Blogs can be messy, which is why I’ve always liked them. They’re written on the fly in between part-time work, side-hustles, running the eternal errands, reading books, conversations with friends, cleaning the house, making dinner, and the so-called “real” writing. 

Job 1: To Be A Noticer. And to dare to bring that forward in the essential humanness of encountering each other with our noticing.

Job 1A: Don’t forget the hubcaps and bumpers.

Surprise and Beauty

I love it when simple exercises have significant impact. You know, the kind that seem almost silly because they are so simple. That seem like a distraction from the “real work.” Silly they aren’t, so often. And often, they are just the right kind of real.
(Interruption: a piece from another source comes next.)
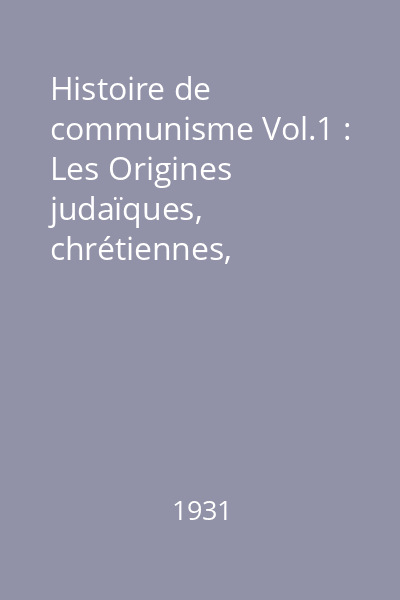 Histoire de communisme Vol.1 : Les Origines judaïques, chrétiennes, grecques, latines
Last week I got to do one of those with my friends at Soultime, while on Bowen Island. Dave Waugh was the one that offered it, a twenty minute bare foot walk in the forest. I don’t want to over describe my experience with too much rational thinking brain to flesh out the “why.” For me it was enough to encounter the world through different senses, and to disrupt the normal goto habits.

Off the twelve of us went. In silence. And with invitation to pay attention. Some carried a question. For me, it was just an intent that I realize is a super important operating system for me. Mostly looking down at the ground and taking slow, short steps (that was the invitation) I decided that I wanted to pay attention to what surprised me and to what felt beautiful.
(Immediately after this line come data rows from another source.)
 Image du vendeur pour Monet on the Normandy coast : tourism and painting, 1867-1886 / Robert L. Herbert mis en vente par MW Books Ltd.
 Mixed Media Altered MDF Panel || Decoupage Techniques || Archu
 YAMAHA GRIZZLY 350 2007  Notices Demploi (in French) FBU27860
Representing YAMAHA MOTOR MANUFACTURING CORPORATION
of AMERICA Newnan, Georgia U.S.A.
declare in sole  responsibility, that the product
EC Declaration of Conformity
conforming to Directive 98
First thing that caught my attention (because this is less about strategizing an outcome) was a simple piece of a branch that was about the size and length of my index finger. It had been splintered in roughly half. Dried bark on the outside. A couple of oval layers of tan and brown on the inside. The surprise and beauty that I immediately wondered about was about the story of this little branch. Was it broken from chopping wood. Was it splintered from falling off of a tree? Was it carried and dropped by a bird? It was intriguing to me that there was story to this little branch, as there is story to pretty much everything. The story has always been the interesting part of the encounter.

I walked further. Slow steps. Again mostly looking down. It was a sunny day which made all of this very easy. I was loving the silence. I was loving the simplicity as I began to feel the ground with my feet. As if they were my hands. The soft green moss. Even the crunchy dried branches part — it was good to feel what I normally wouldn’t when wearing shoes. I loved walking on a fallen log. Different textures. Different feels. More surprise and more beauty — I suppose these are always there if we are willing to give them attention.

As I continued to walk, still mostly looking down, I decided to look up through the trees. Again, simple as it sounds, the contrast of experience from such deliberate looking down, well that was delicious. The blue sky through the tree tops. The suddenly extended range beyond 6 feet to the height of the trees and the infinity of the sky. I loved it. And then, a gust of wind rushed through the trees.

Look down. Look up. Listen. That’s what I came up with.

And then the bell rang to signal return for the twelve of us to the yurt to share what we noticed.

Look for surprise and beauty. Look down. Look up. Listen.

It was just a simple exercise. Oh ya, a simple exercise that woke something up in me. Thanks Dave. Thanks Soultime.